# Routing Tips and Techniques



## template tom (Sep 18, 2004)

Hi all
I will be taking a break from the forum as I intend sitting down to write down some of my experiences with the router and maybe send them to the various routing magazines that may be interested. I have put up a home page that may be of interest to some people who are new to routing and those who may wish to learn new techniques with the router.
If you are interested log on to www.wa1.quik.com.au/tod

I am limited to what I can submit due to lack of web space.

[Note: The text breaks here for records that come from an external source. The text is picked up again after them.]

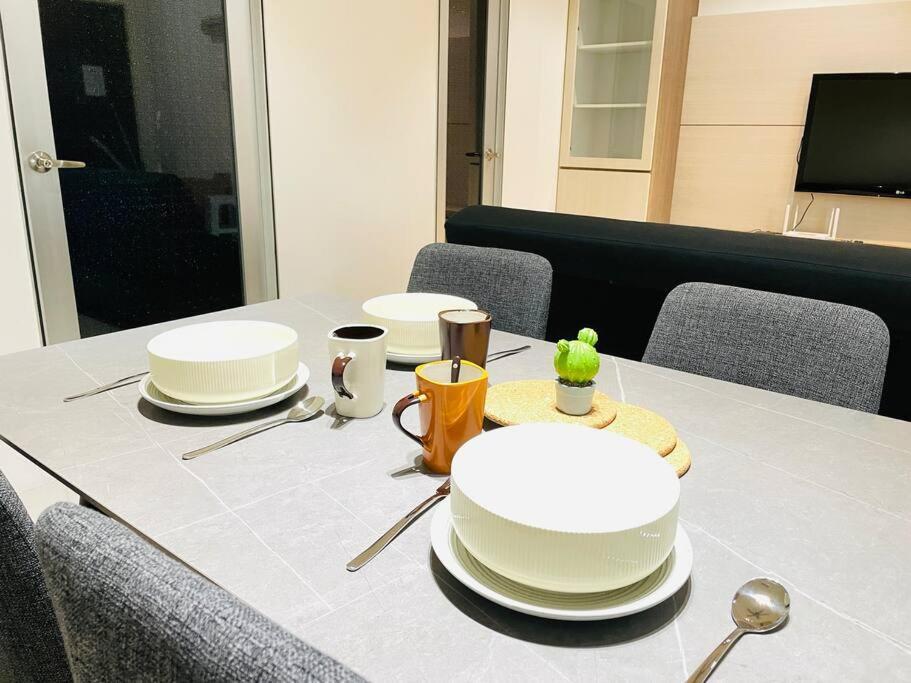 Palazio Mount Austin 2Br Studio Pool View With Tv Box-3 Plus 1 Pax C2-07 Johor Bahru Exterior photo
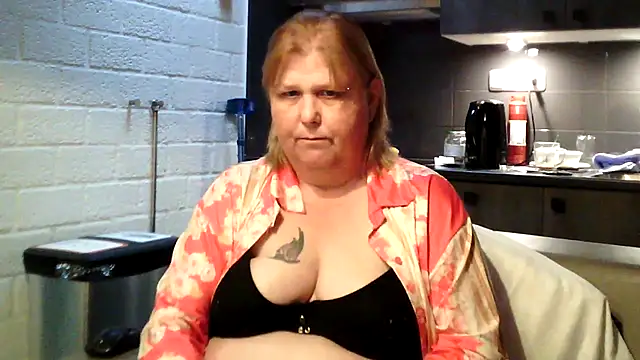Snapshot of Sylviastar46 chatting on 05.06.26 Sylviastar46 online show from 05.06.26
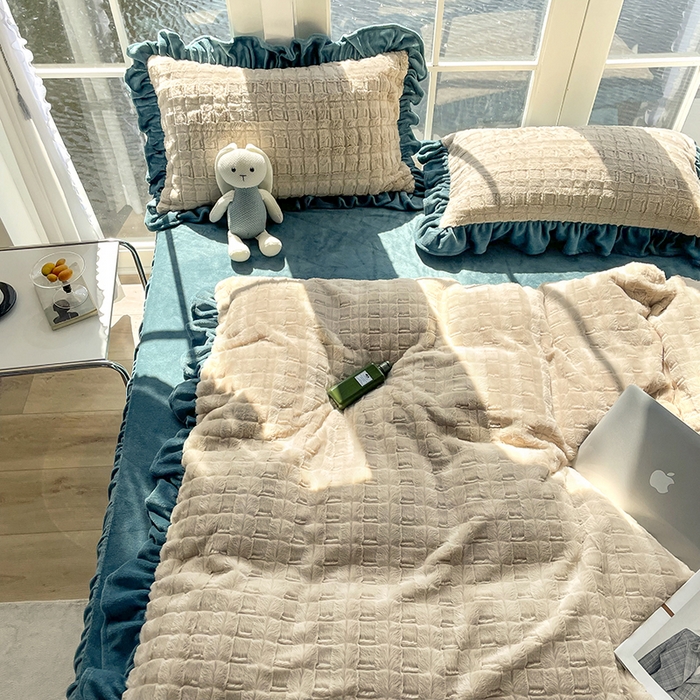 91家纺网 家纺一手货源 找家纺 睡美人 2025新款韩版方块兔绒牛奶绒床裙公主款四件套 方块兔绒-星空兰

Note I have nothing to do with Carb-I-Tool I have only had great satisfaction with their cutters over the past 35 years.
Tom


----------



## steveo (Sep 10, 2004)

template tom said:


> Hi all
> I will be taking a break from the forum as I intend sitting down to write down some of my experiences with the router and maybe send them to the various routing magazines that may be interested. I have put up a home page that may be of interest to some people who are new to routing and those who may wish to learn new techniques with the router.
> If you are interested log on to www.wa1.quik.com.au/tod
> 
> ...


Tom, super site. Hate to see you take a "vacation". Looking forward to your articles elsewhere.
steveo


----------



## Mike (Nov 22, 2004)

Great job Tom! Don't be gone too long.


----------



## reible (Sep 10, 2004)

template tom said:


> Hi all
> I will be taking a break from the forum as I intend sitting down to write down some of my experiences with the router and maybe send them to the various routing magazines that may be interested. I have put up a home page that may be of interest to some people who are new to routing and those who may wish to learn new techniques with the router.
> If you are interested log on to www.wa1.quik.com.au/tod
> 
> ...


 You are quite the routerman I stand far in your shadows.........

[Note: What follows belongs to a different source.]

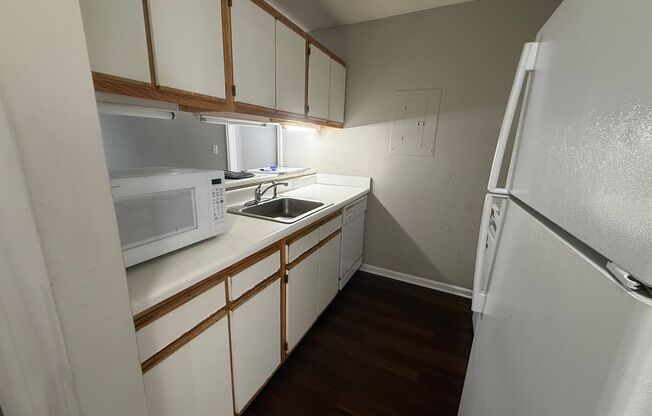 4 Bed 4 Bath Condo near NCSU! Available late July, includes utilities!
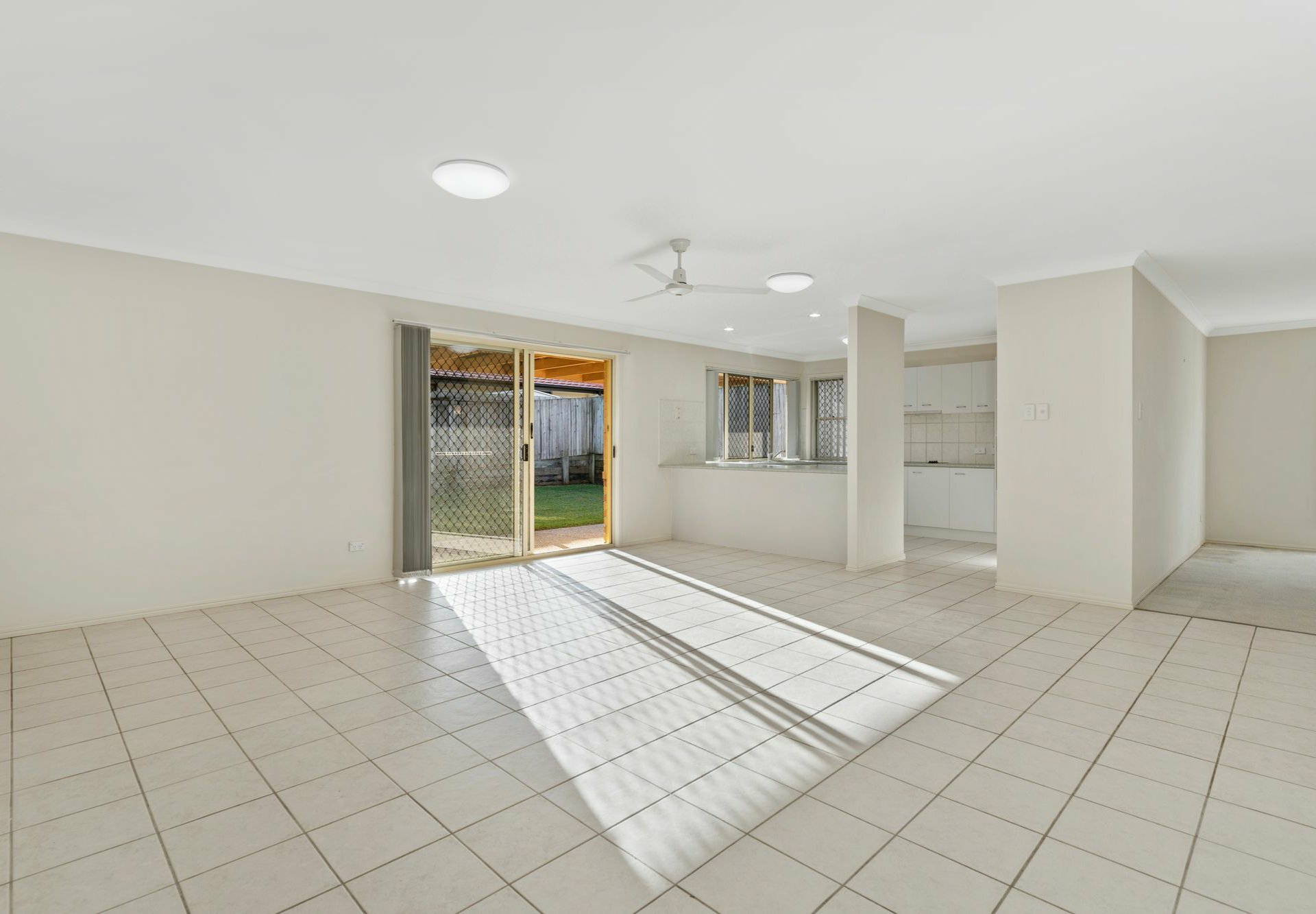29 Newland Crescent, PARKINSON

Are you planning an publications that we in the US might see?

I have been trying to do an write up since last Sept. Just something simple for a general magazine here in the US. I've started I don't know how many times and did sketches and changed this and that but I can never seem to get it the way I want it....... I hope your project fairs better then mine has.

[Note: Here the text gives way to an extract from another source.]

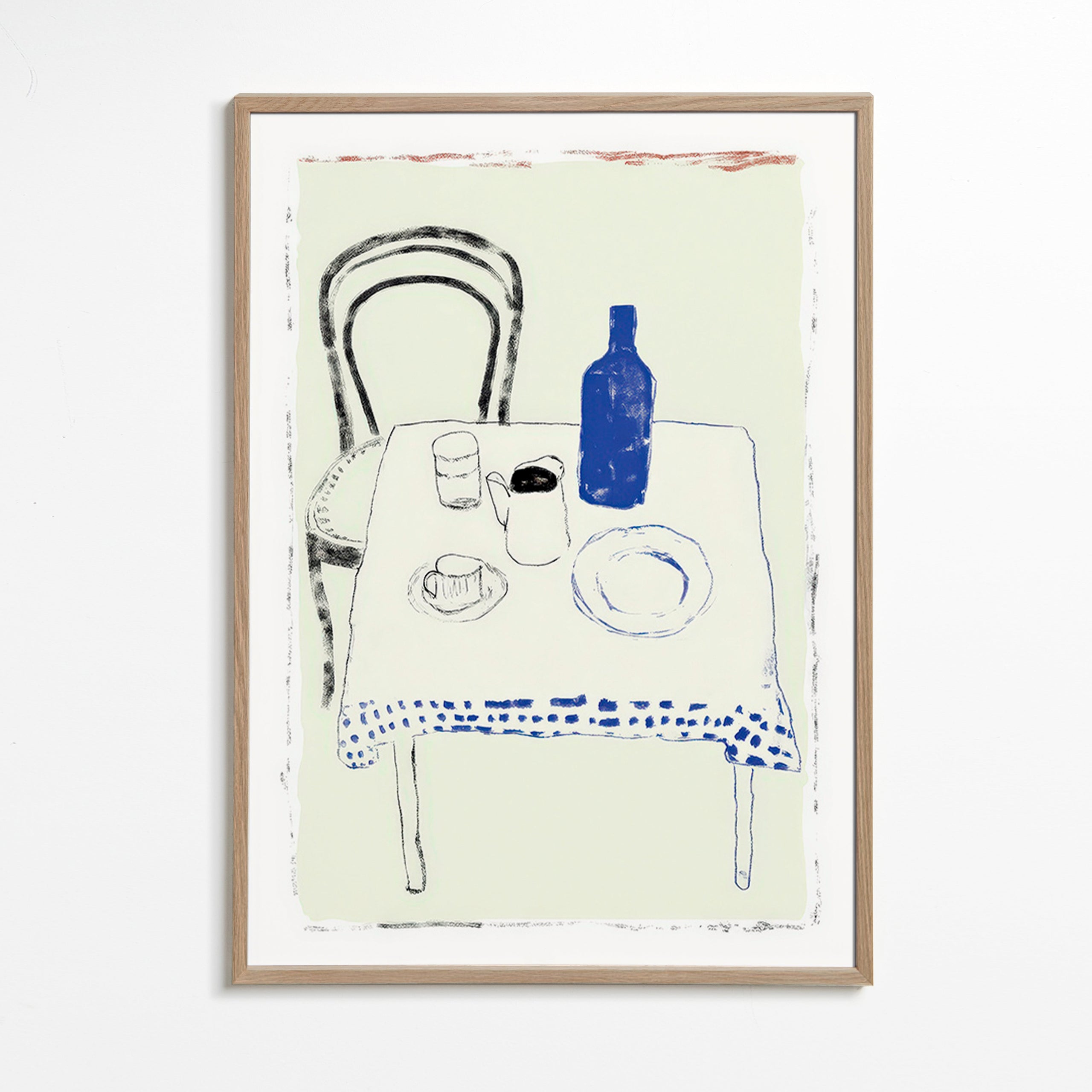 Arte da cucina: bottiglia blu e stoviglie minimal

Please at least check in once in a while to keep us all honest. And hey someday they might have things you can use your points for......

Ed


----------



## ejant (Sep 10, 2004)

Tom great thing you are doing. Wishing you well in your endeavors to promote routerism. Did I just create a new word. LOL


----------



## -Sam- (Sep 24, 2004)

Routerism, hmmm... yup, I think so! I like that.  

Boricua


----------



## fredsintheshop (Sep 10, 2004)

ejant said:


> Tom great thing you are doing. Wishing you well in your endeavors to promote routerism. Did I just create a new word. LOL


Does that make Tom a "Routerian"? Or perhaps a "Routerite"?


----------



## template tom (Sep 18, 2004)

template tom said:


> Hi all
> I will be taking a break from the forum as I intend sitting down to write down some of my experiences with the router and maybe send them to the various routing magazines that may be interested. I have put up a home page that may be of interest to some people who are new to routing and those who may wish to learn new techniques with the router.
> If you are interested log on to www.wa1.quik.com.au/tod
> 
> ...


My apologies to those who may have tried to access my home page. My computer skills are not as good as my Router skills and I had to spend some time repairing the site. It is up again and as I promised I will try and change a few pages next month. If you have never used template guides before this is the place to start from. Look at the introduction to template guides to get you going. I know it is not the same method you have been using for years and yes you do have to spend some time preparing jigs and templates but in the end you will find it all worth while. Thanks to those who have posted and/or emailed me with their comments and encouragement. All I can say is at least give it a try. Best of luck.
Just as a matter of interest I have enclosed a photograph of one of my projects. It was a cabinet designed to fit into and coverup and block off a doorway
Tom


----------



## Glenmore (Sep 10, 2004)

Wow on that door frame cabinet very very nice work.


----------



## crafty Dale (Nov 11, 2005)

i can't log on to the website


----------



## template tom (Sep 18, 2004)

crafty Dale said:


> i can't log on to the website


Sorry
Crafty Dale I am in the process of trying to rectify the problem since I changed my IP
Tom


----------



## dlane6110 (Dec 30, 2005)

crafty Dale said:


> i can't log on to the website


What he said!!


----------



## template tom (Sep 18, 2004)

dlane6110 said:


> What he said!!


I still have not been able to show my web page 
I have been contacting a Free Hosting and I may be able to invite you to join if I have your email address
Tom


----------



## Pop_pop1 (Sep 10, 2004)

Nice work on the doorway cabinet.
Sorry, but I'm unable to open your website. It says I'm not authorized to view the site. Error 403 Forbidden. Thanks


----------



## Pop_pop1 (Sep 10, 2004)

Tom, If you get your site up and running, please include me in your mailing list. [email protected]


----------



## template tom (Sep 18, 2004)

Pop_pop1 said:


> Tom, If you get your site up and running, please include me in your mailing list. [email protected]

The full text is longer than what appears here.